Ben Obama’ya valinin şaire davrandığı gibi davranmaktan yanayım. Kahire’deki güzel konuşmasıyla bizi, daha doğrusu içimizdeki gafilleri memnun etti. Ama ne zayi olmuş bir hakkımızı geri verdi, ne de üzerimizden zulmü kaldırdı. İslam ümmetine en çok zulmeden O’nun ülkesi değil mi? Bugün gelmiş bize Filistin’deki zulümden bahsediyor, mübarek Ramazan ayında çeyrek milyon Gazzelinin açlık ve korkuyla karşı karşıya olduğundan, Müslümanların Mescid-i Aksa’da namaz kılmalarına izin verilmediğinden… Bunların hepsi ABD’nin açık desteği ve anlaşması ile oluyor…
Hepimiz Obama’nın tatlı sözlerini hararetle alkışladık, konuşmasını öven makaleler kaleme aldık. Bu kadar yeter. Bundan daha fazlasını yapmaya kalkacak olursak o zaman gerçekten helak olur, ziyana uğrarız. Cimri ve cimrileri hiç sevmem fakat Cahız’ın Cimriler kitabını İbn-i Cevzi’nin “Ahmak ve Dalgınlıklar” kitabından daha çok severim.

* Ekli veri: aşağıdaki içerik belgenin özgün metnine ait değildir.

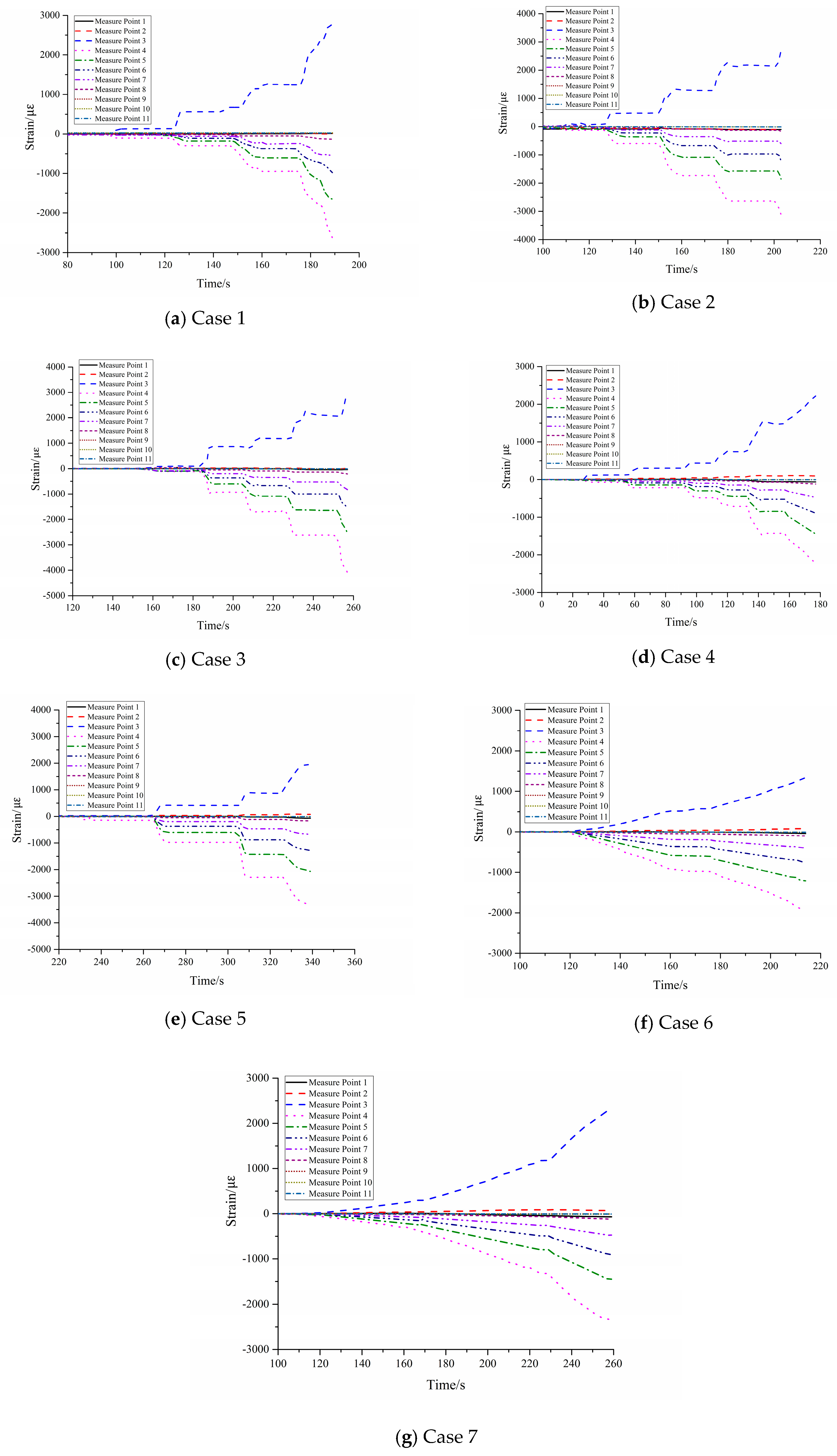 Sensors 17 02486 g009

GÜÇSÜZ TARAFIN DİPLOMASİSİ ALÇAKÇA DİLENMEKTİR
Müzakerelerin eşiğinde olduğumuz şu günlerde Filistin davasının geleceğini nasıl görüyorsunuz? Filistin direniş güçleri denklemde yeni bir yer alacak mı?

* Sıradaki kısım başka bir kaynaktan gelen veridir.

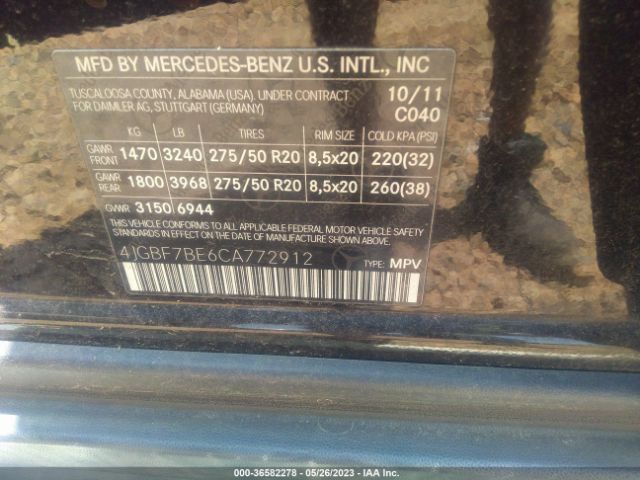 Global Auto Auctions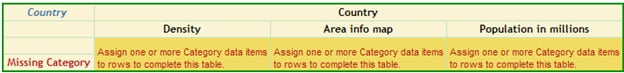 Example of an Incomplete Table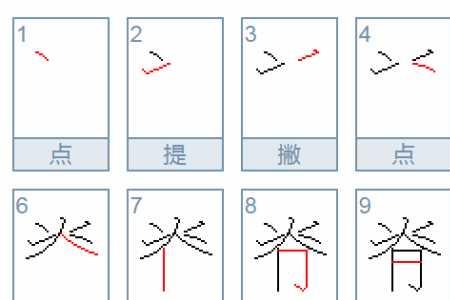 脊犬字读音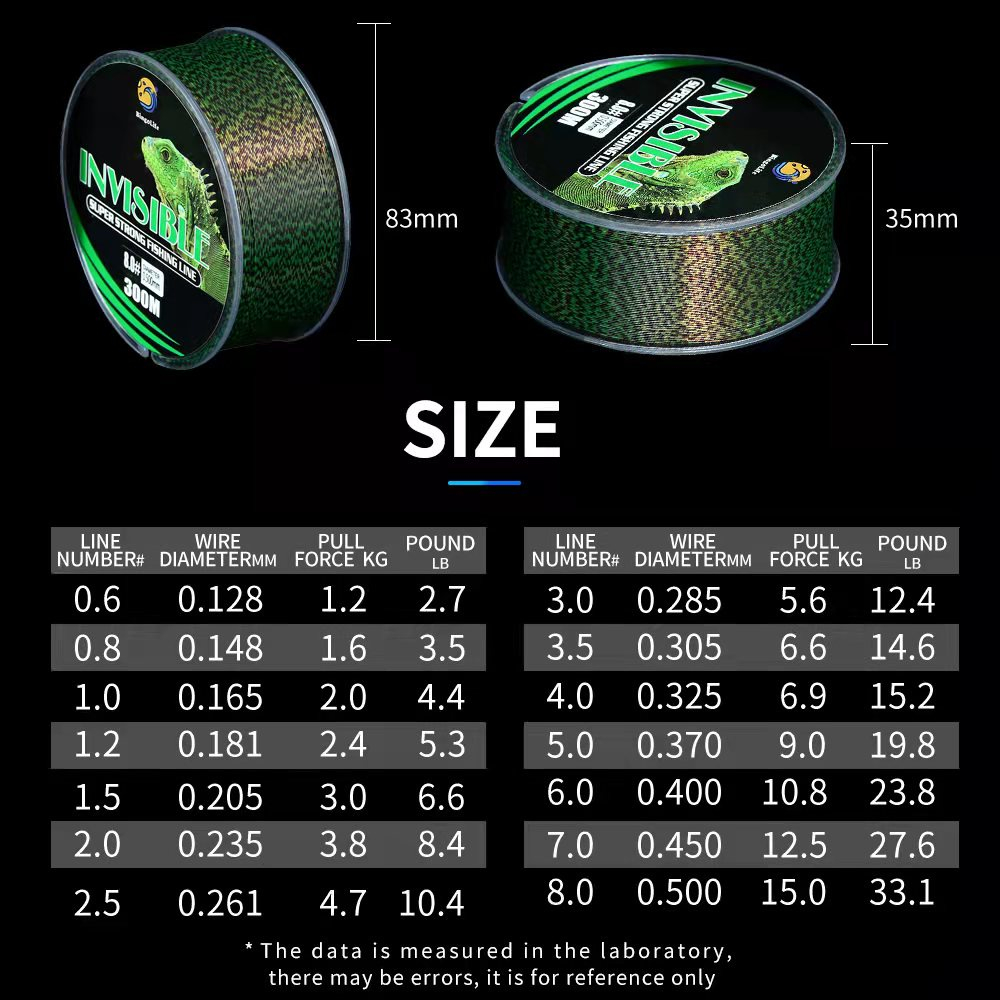 Senar Pancing Speckle 300m Senar Kecil Kuat Anti Keriting 15kg Alat Pancing Senar Bunglon Speckle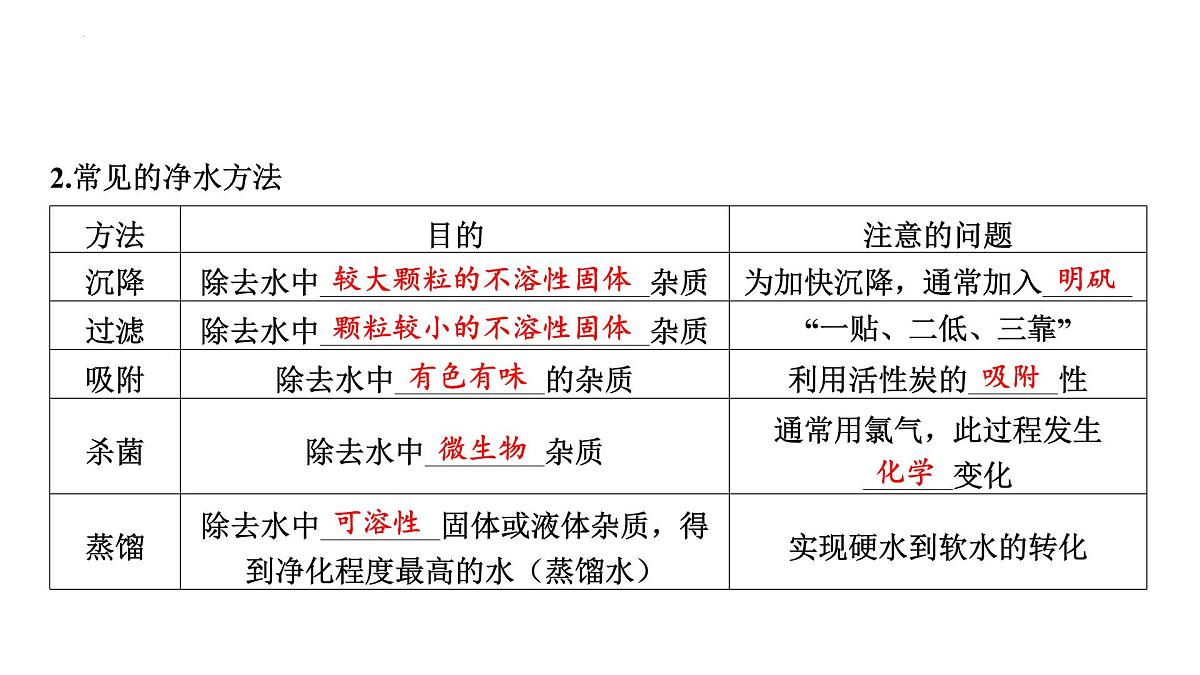 2025年中考化学一轮专题复习（山东）----自然界的水 课件第4页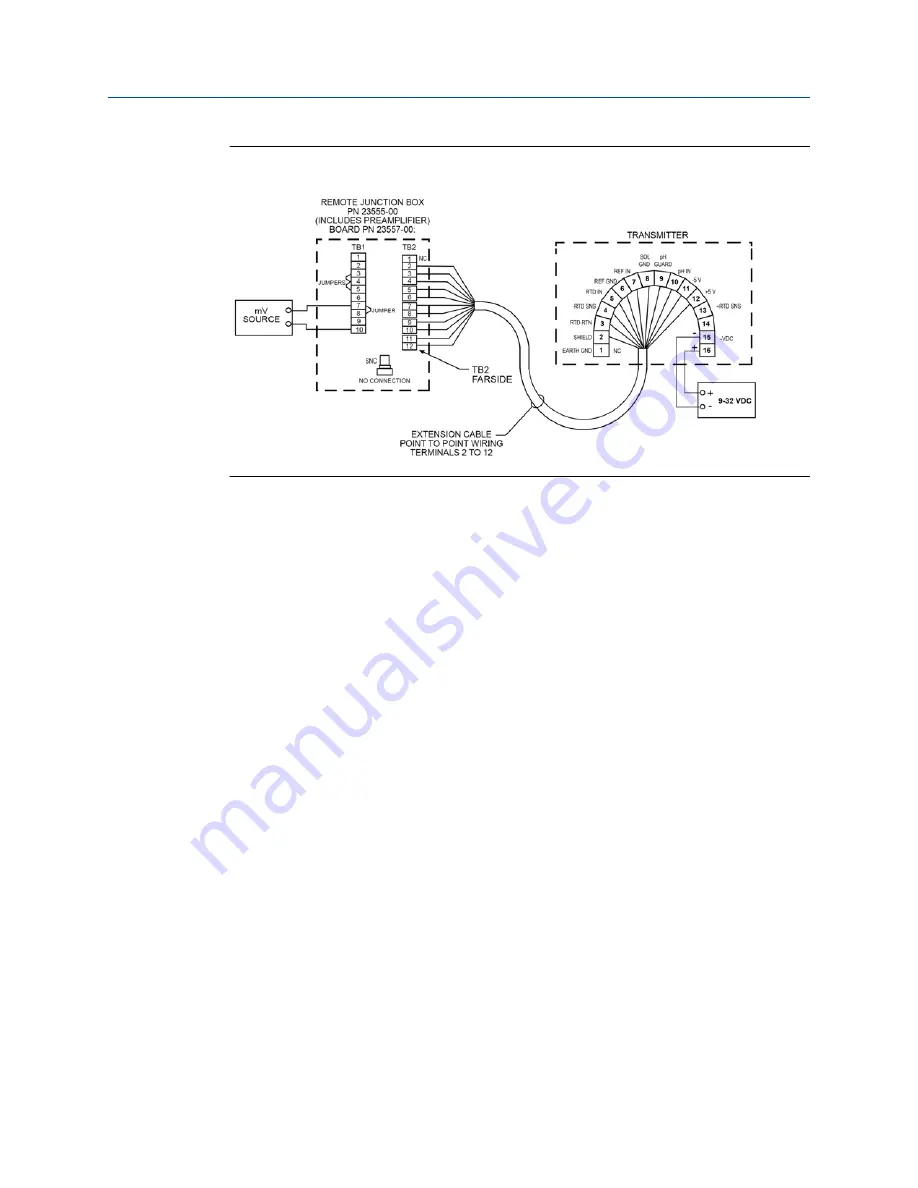 Emerson Rosemount5081 Скачать руководство пользователя страница 88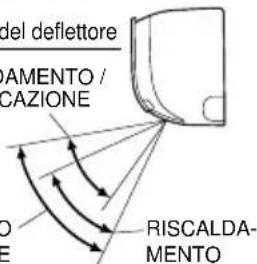 DAIKIN ATX20K5V1B - Note sull'impostazione della direzione dell'aria - 1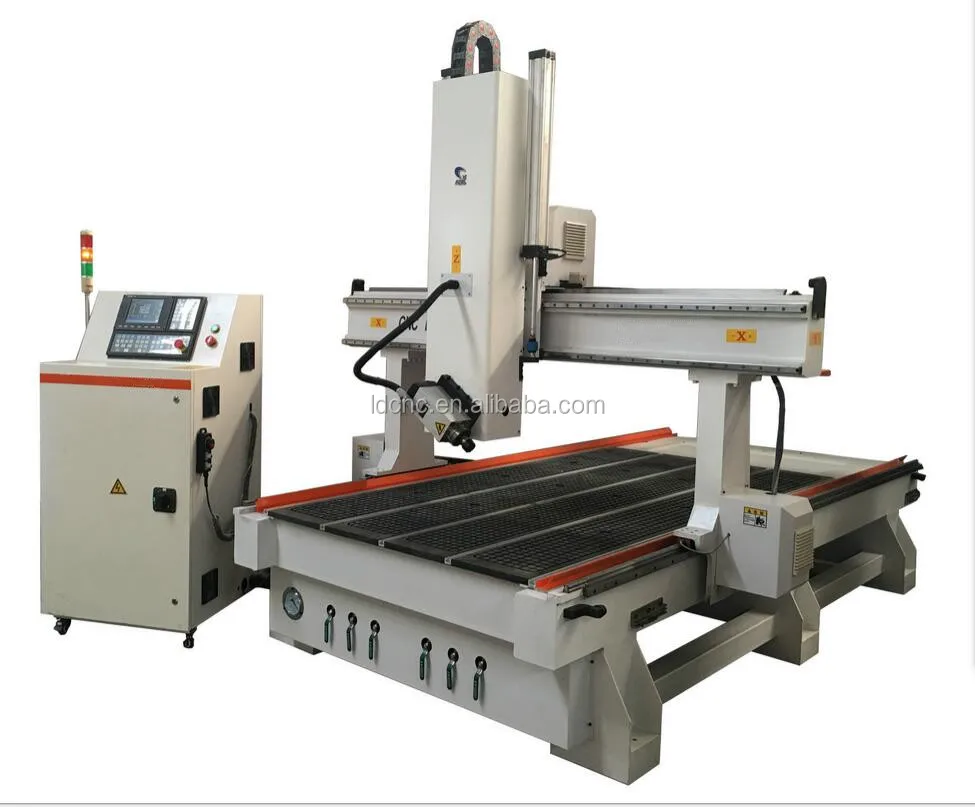 new designed 5 axis high speed cnc wood router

1988’de Arafat, İsrail’i resmi olarak tanıdığından beri, Filistin davası karanlık bir tünele girdi. “Gerçek direniş”e dönmediği müddetçe de çıkamayacak. Direk veya dolaylı bu müzakereler, el atından Filistin’in sessiz sakin bir şekilde Yahudileştirilmesini sağlamaktan başka bir şey işe yaramaz. Bu Mahmud Abbas’ı ve halklarının kanıyla beslenen zümreyi ilgilendirmiyor tabi. Güçsüz tarafın diplomasisi alçakça dilenmektir.
Muhammed bin Muhtar EŞ-Şenkıtî kimdir?
Moritanyalı bir araştırmacı, şair, politika analistidir. İlgi alanları; politika, siyaset tarihi, İslam dünyası ve Batı arasındaki ilişkiler. Katar’ın başkenti Doha’da bulunan Katar İslami ilimler Fakültesi’nde çalışıyor. Mastır diplomasını 2007’de İş Yönetimi alanında Güney Kolombiya Üniversitesinden aldı. 2001-2008 yıllarında Amerikan’ın Texas eyaletindeki İslami Merkez’ine müdürlük yaptı. Yayınlanmış 3 adet kitabı, El-Cezire sitesinde 130’a yakın makalesi, muhtelif sitelerde de İngilizce ve Arapça olmak üzere birçok araştırması ve yazısı var. Timeturk.com’un da yazarı olan Şankıti’nin Türkçe’ye çevrilmiş birkaç eseri bulunmaktadır.